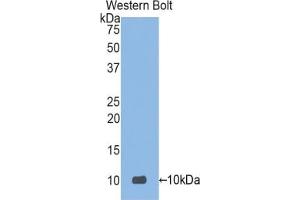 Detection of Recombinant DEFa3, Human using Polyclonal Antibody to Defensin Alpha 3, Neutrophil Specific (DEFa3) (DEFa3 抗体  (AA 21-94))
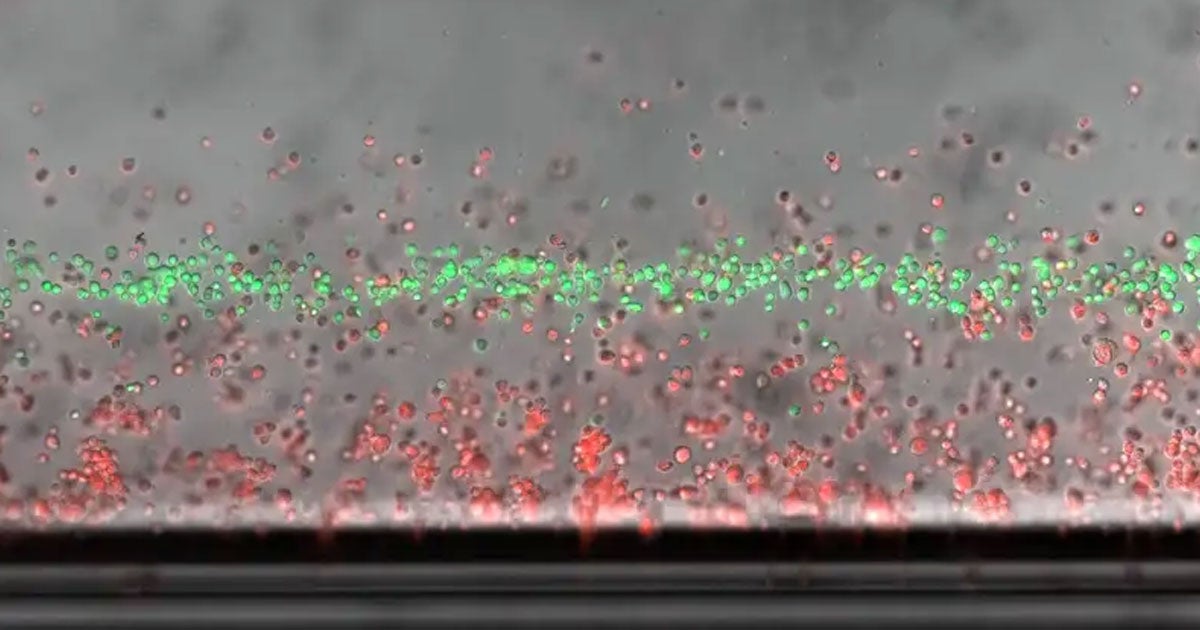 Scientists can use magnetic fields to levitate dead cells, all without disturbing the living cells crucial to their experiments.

....................

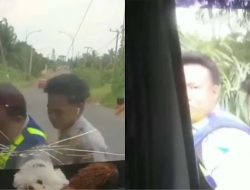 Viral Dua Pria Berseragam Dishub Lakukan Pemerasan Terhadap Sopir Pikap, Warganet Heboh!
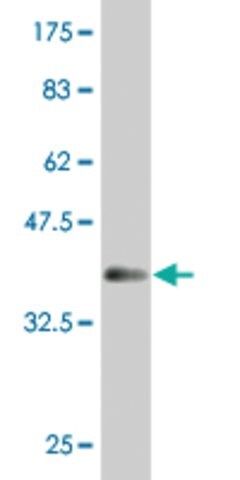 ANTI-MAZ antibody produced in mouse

....................

TASK PROMPT:
Look above for the line holding "Detection of Recombinant" and output everything from it down to the line holding "Scientists can use", both ends included, exactly and without images.

RESULT FOR THIS EXERCISE:
 Detection of Recombinant DEFa3, Human using Polyclonal Antibody to Defensin Alpha 3, Neutrophil Specific (DEFa3) (DEFa3 抗体  (AA 21-94))
 Scientists can use magnetic fields to levitate dead cells, all without disturbing the living cells crucial to their experiments.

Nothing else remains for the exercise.